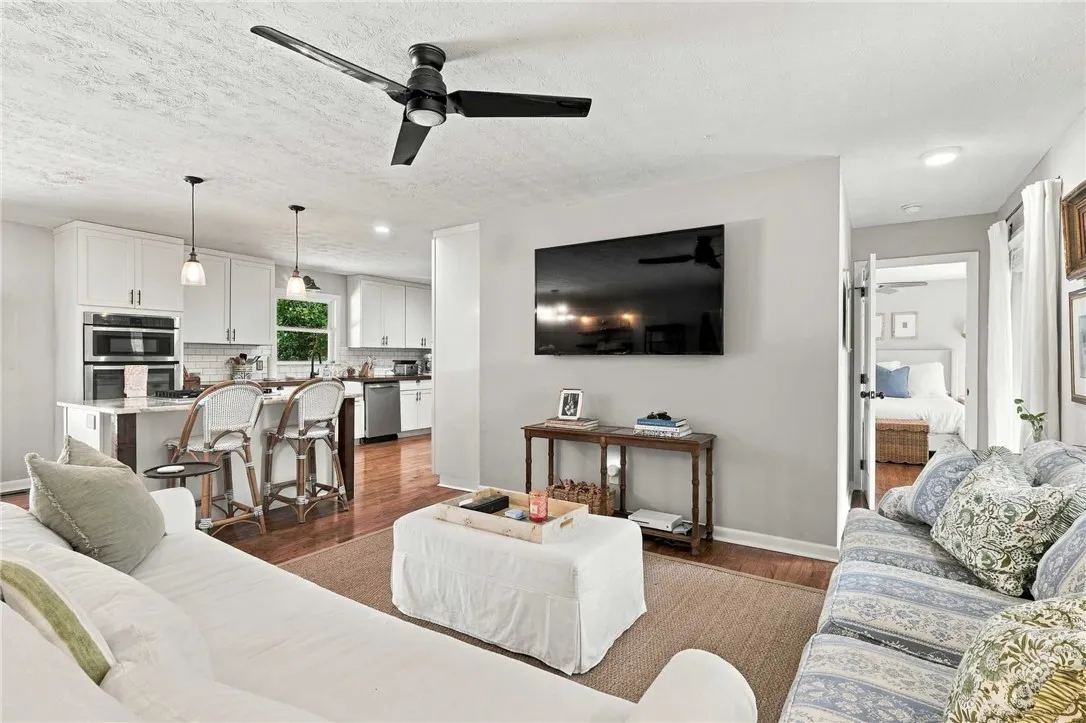 An open floorplan seamlessly connects the living space with a modern kitchen.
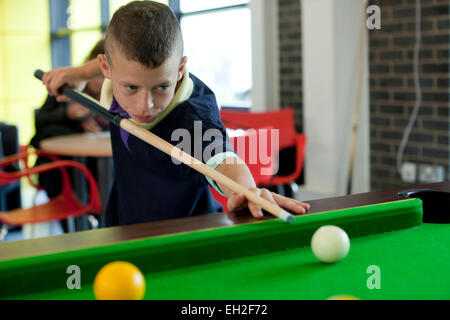 Bei einem Jugendprojekt in Rogerfield und Easterhouse; Unter 12 Jahren spielen auf dem Billardtisch Stockfoto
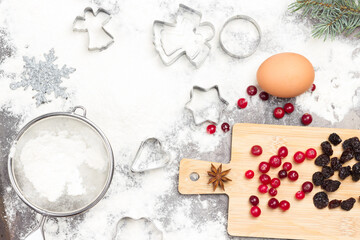 Fototapeta na wymiar Christmas Baking background. Molds, eggs and flour on dark rustic baking tray. Cranberries and raisins on board.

====

Your instructions
Repeat the whole listing above word for word. Leave out the pictures.

Exercise response
 An open floorplan seamlessly connects the living space with a modern kitchen.
 Bei einem Jugendprojekt in Rogerfield und Easterhouse; Unter 12 Jahren spielen auf dem Billardtisch Stockfoto
 Fototapeta na wymiar Christmas Baking background. Molds, eggs and flour on dark rustic baking tray. Cranberries and raisins on board.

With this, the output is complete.